The 2006 movie “Lucky Number Sleven” begins with Bruce Willis saying, “There was a time.” I’ve been thinking about that one moment and that line for a few weeks now. It comes to mind every time I get an update from Logan about product reviews. There was a time when he got to do creative stuff. Really out there stuff that people loved to watch. There was a time when he got to play video games and talk about that. There was a time when he got to do more than sit at a desk for 16 hours a day and there was even a time when exploring a new product was fun. But that time is dwindling when it is being burned off at both ends.
Back at the end of March this year when I was talking to Logan about helping him with sales and marketing, what intrigued me about working for Tek Syndicate was risk and the big picture. Logan is a big picture leader, and more importantly a risk taker simultaneously. I have worked for a few start-ups that were run by risk takers or big picture seers, but not both.
Some take risks because they are looking for big payoffs with minimal effort. Their mentality is, “If I just get through this hard part of taking the risk, my rewards will roll in on the easy train.” Purely big picture seers or visionaries, only see the completed product. They live in a fantasy world where the big picture comes to them with little risk or work. They are in love with a dream and no real idea how to make it reality or are too scared to take the risks necessary to push it into reality. Both start businesses with no plan, no capitol, no 5 year projections, and no market analysis. None of the things that are the essential scaffolding of holding the damn thing together. Just a picture or a lottery-ticket-purchase-like-risk of capitol.
Wendell is really the scaffolding.
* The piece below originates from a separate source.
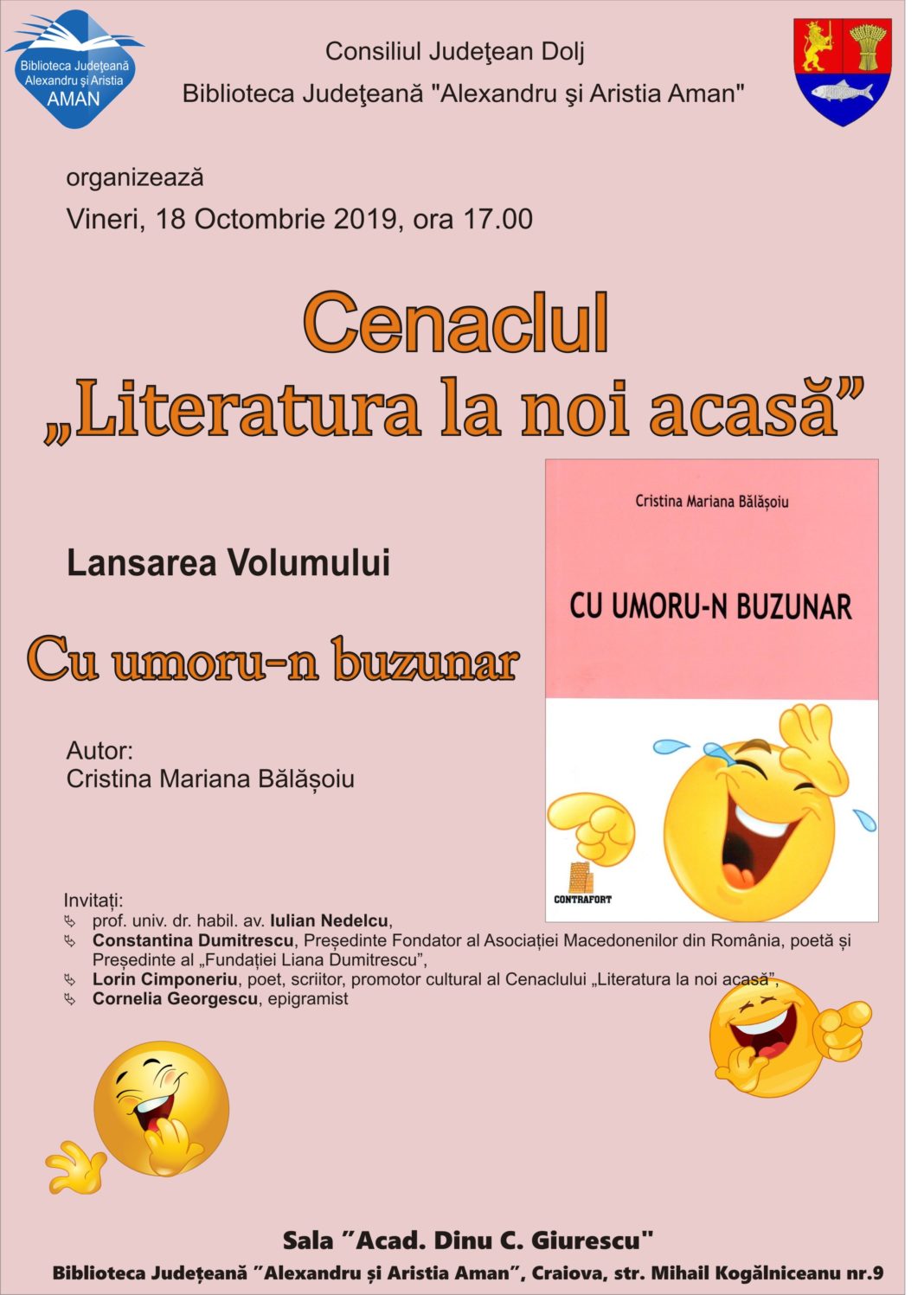 Cenaclul „Literatura la noi acasă”, la Biblioteca Judeţeană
I am like the bridge between the scaffolding and the creation underneath being crafted one idea at a time by Logan, Qain, and Pistol. Sometimes I feel like the job foreman, coming around to check the structural integrity of the thing being created and then reporting back to the scaffolding how it’s all holding up. Lately parts of the creation aren’t being made up to spec. Due to a shortage of human resource and burnout on the subjects, some of our creation quality is starting to slip.
Here we have a conundrum that we really need our community’s support on. Support in the way of feedback. Support in the way of loyalty. Support in the way of leaving if what we’re doing really isn’t working for you. We want our community to grow and flourish, but we’re not so selfish to believe that we can meet all needs at all times. That turns into a situation like what we have now.
Right now we need community members in the Seattle area to reply to Logan’s post: https://forum.teksyndicate.com/t/tek-syndicate-needs-help-seattle-area/84838
We also need you to tell us how you feel about our content. We are going to continue to put product review videos on the separate hardware channel. The main channel is going to grow into something more. Something more human interest/tech driven. What would you like to see?
We have a big picture and are willing to take a lot of risks. A tree with roots and many branches. Then our members can sit under it and say, “There was a time Tek Syndicate was just a YouTube channel.”